- Scraped caption text data:
──────

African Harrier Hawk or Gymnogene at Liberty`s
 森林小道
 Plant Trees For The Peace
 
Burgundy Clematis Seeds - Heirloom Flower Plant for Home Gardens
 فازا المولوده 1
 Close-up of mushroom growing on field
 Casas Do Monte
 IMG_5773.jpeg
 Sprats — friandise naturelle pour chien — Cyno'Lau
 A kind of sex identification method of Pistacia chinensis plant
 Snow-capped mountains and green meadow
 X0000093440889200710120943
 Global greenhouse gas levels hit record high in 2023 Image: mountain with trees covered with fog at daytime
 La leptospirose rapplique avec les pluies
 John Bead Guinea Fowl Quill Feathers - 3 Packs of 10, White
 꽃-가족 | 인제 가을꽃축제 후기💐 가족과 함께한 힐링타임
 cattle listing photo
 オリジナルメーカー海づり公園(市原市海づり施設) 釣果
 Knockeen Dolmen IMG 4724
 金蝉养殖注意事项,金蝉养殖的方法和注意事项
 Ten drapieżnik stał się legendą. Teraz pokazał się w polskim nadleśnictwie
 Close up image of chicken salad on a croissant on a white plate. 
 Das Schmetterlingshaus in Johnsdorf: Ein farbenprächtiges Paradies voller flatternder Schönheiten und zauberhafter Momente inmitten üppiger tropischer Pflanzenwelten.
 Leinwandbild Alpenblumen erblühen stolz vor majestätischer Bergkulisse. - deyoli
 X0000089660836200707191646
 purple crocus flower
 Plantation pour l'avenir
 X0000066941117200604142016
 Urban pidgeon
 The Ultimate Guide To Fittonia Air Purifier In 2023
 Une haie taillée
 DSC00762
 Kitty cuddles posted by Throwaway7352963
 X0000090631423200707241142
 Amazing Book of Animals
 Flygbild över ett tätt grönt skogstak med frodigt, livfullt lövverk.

──────

- DESCRIPTION OF THE TASK: In exact wording, restate the lines of the data above from the first through the one holding "Das Schmetterlingshaus in", and stop after that line.

- YOUR RESPONSE:
African Harrier Hawk or Gymnogene at Liberty`s
 森林小道
 Plant Trees For The Peace
 
Burgundy Clematis Seeds - Heirloom Flower Plant for Home Gardens
 فازا المولوده 1
 Close-up of mushroom growing on field
 Casas Do Monte
 IMG_5773.jpeg
 Sprats — friandise naturelle pour chien — Cyno'Lau
 A kind of sex identification method of Pistacia chinensis plant
 Snow-capped mountains and green meadow
 X0000093440889200710120943
 Global greenhouse gas levels hit record high in 2023 Image: mountain with trees covered with fog at daytime
 La leptospirose rapplique avec les pluies
 John Bead Guinea Fowl Quill Feathers - 3 Packs of 10, White
 꽃-가족 | 인제 가을꽃축제 후기💐 가족과 함께한 힐링타임
 cattle listing photo
 オリジナルメーカー海づり公園(市原市海づり施設) 釣果
 Knockeen Dolmen IMG 4724
 金蝉养殖注意事项,金蝉养殖的方法和注意事项
 Ten drapieżnik stał się legendą. Teraz pokazał się w polskim nadleśnictwie
 Close up image of chicken salad on a croissant on a white plate. 
 Das Schmetterlingshaus in Johnsdorf: Ein farbenprächtiges Paradies voller flatternder Schönheiten und zauberhafter Momente inmitten üppiger tropischer Pflanzenwelten.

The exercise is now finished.